Since many objects in an image are usually correctly detected, we don't verify all detections but rather pick random detections in images from all over the world. Doing so, we end up with partly annotated images where for a few detections, we know for sure if they belong to a certain object class or not.
The method
To improve our deep neural networks, we developed a method to incorporate both fully and partly annotated images. This is different from fully supervised machine learning methods because we have to deal with image areas that we don't have annotations for, and verified detections for which we only know if it belongs to a certain class or not (instead of what class it belongs to).
We started with the approach of treating rejections as background and approvals as foreground examples. However, this approach is not ideal in case the predicted class is wrong and the correct class would be any of the others we are looking for.
Because of that, we also developed a loss function which targeted the potential confusion between classes. Experimentally, this loss function was not able to outperform the simple approach of treating rejected bounding boxes as background.
After inspecting the verifications visually, we noticed that most rejections are for detections where the object actually doesn't belong to any of the classes we're looking for. The similar performance of the two methods can be related to the fact that most rejections are valid background examples. Future research is needed to verify this.
To evaluate the effectiveness of using verifications, we chose the recognition tasks of object detection and panoptic segmentation. As a baseline implementation, we used our in-house version of Seamless Scene Segmentation for prototyping, which is trained on the Mapillary Vistas Dataset (MVD). For the baseline experiment, we chose Resnet-18 as the backbone and kept other parameters as default.

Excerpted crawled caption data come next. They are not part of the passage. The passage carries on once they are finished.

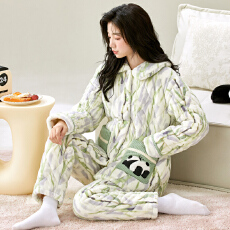 批发冬季鹅棉绒三层夹棉加厚加绒保暖翻领宽松珊瑚绒夹棉睡衣可外穿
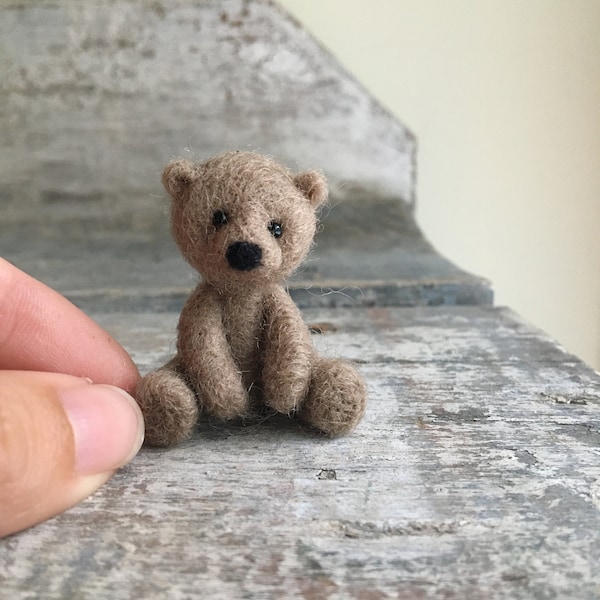 Miniatur Teddybär Nadel gefilzt Tan hellbraun Wolle Teddybär ein Zoll Mini Baby Bär Geschenk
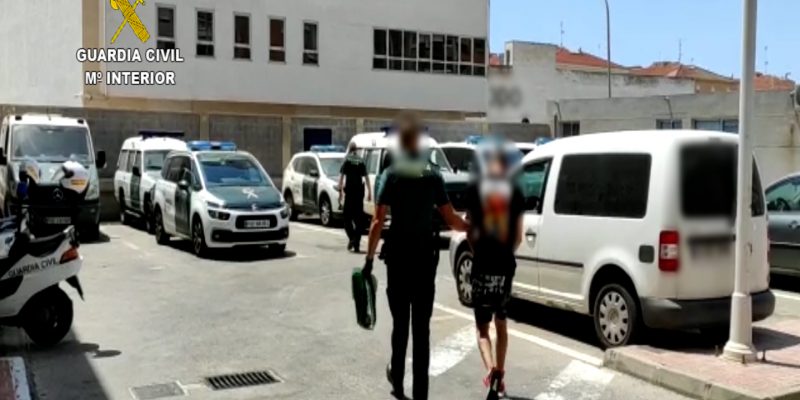 Detienen dos veces en Torrevieja a un hombre por cometer diez robos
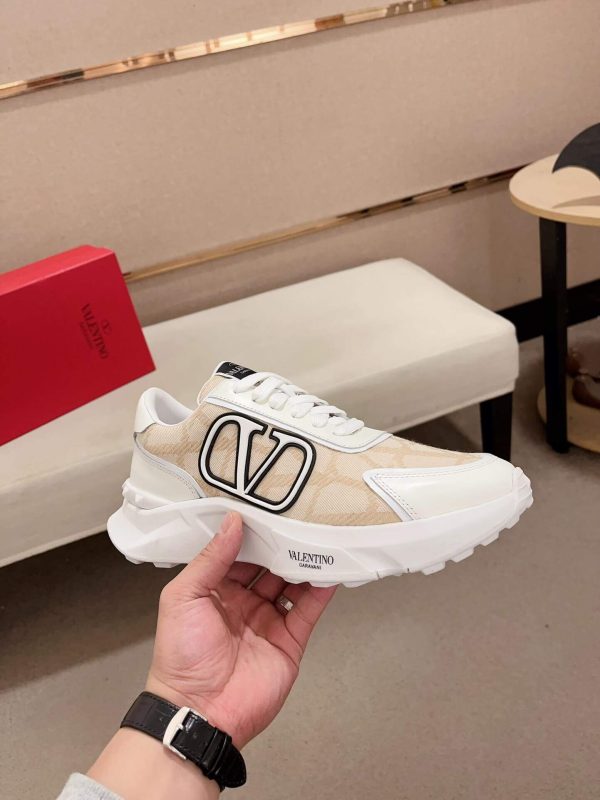 Valentino Garavani True Act Low-Top Trainer in White Nappa Leather And Beige Toile Iconographe Fabric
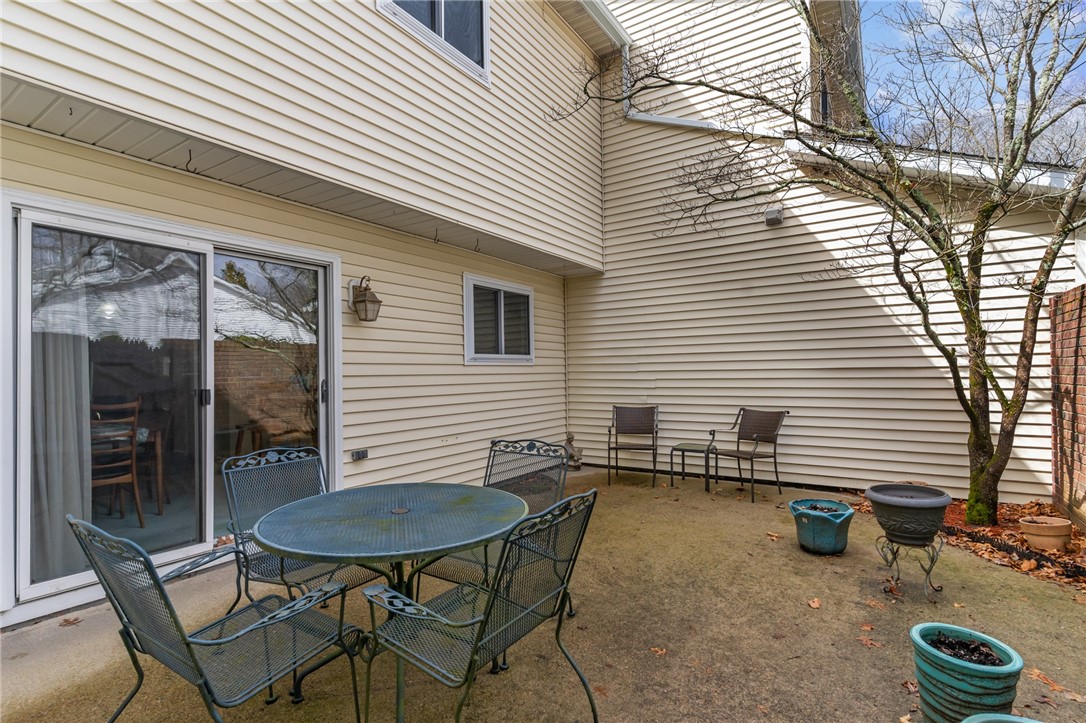 Warwick, Rhode Island 02886, United States, 2 Bedrooms Bedrooms, ,2 BathroomsBathrooms,Residential,Active,94503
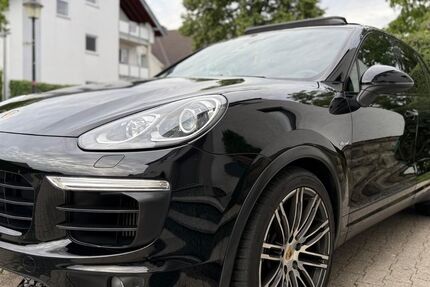 Porsche Cayenne 176.000 km 32.850 &euro; Bergisch Gladbach 51469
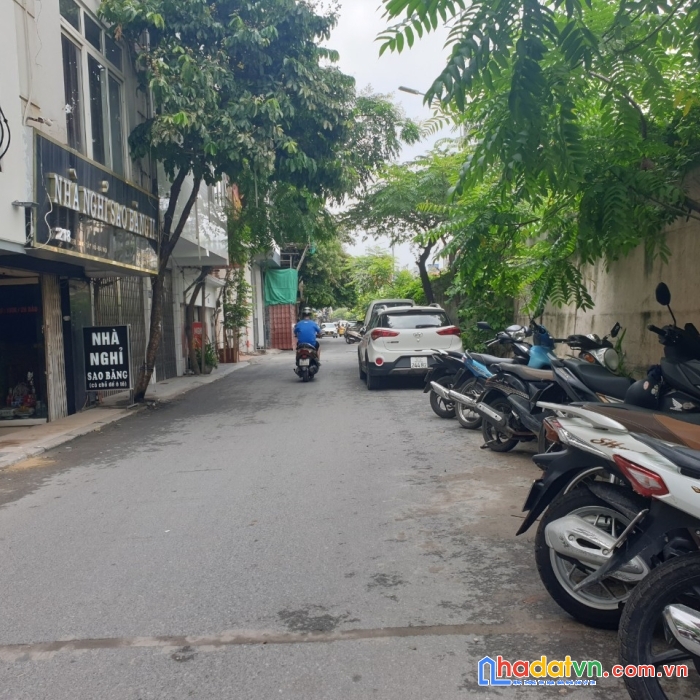 Bán gấp 195m2 đất ngõ 310 nghi tàm, tây hồ, ngõ ô tô, kd homestay cực đỉnh, giá tl 20.6 tỷ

To train with verifications, we follow an alternating training scheme. First, we compute the gradients, using a batch of fully annotated images only. Second, we compute gradients using a batch of partly annotated images. Third, we update the weights, using the summed gradients. During training, we make use of crop-based training. The batches are distributed over 8 GPUs during training.
The results
We split the verification dataset into 179K training and 15K test images. The test images are selected to represent each class equally if sufficient examples are available. In the following charts, we show the estimated precision, recall, and specificity when training with MVD only, and with MVD plus additional verifications. The quantitative results show that we improve on all three metrics for not only object detection but also for panoptic segmentation on the verification test set.
Below you can see some visual examples of where our recognition algorithms improve by making use of simple yes/no annotations. Left without verifications, right after re-training with verifications.
Next steps
For further improvement, we would like to focus on efficient ways to refine the human-verified detections. Specifically, we want to resolve ambiguous detections where a human also has difficulty to identify the object, as well as assign the correct class to rejected detections in a semi-supervised manner.
All these improvements for object detection and panoptic segmentation on image level let us increase the quality of our machine-generated map features for the OpenStreetMap community and everyone else. We’re planning to deploy the deep neural networks re-trained with verifications to the Mapillary platform in the future.
We’ll keep collecting verification data for further improvements so we encourage you to set up your own verification projects or join and help out in those listed on the Mapillary Marketplace. As of recent, we also have a verification API that lets you approve or reject any detection, even outside verification projects.
A big thank you to our community who contributed with more than half a million verifications to help improve our recognition algorithms, leading to better map data for everyone and more accurate maps everywhere!
/Gerhard, Recognition Team Lead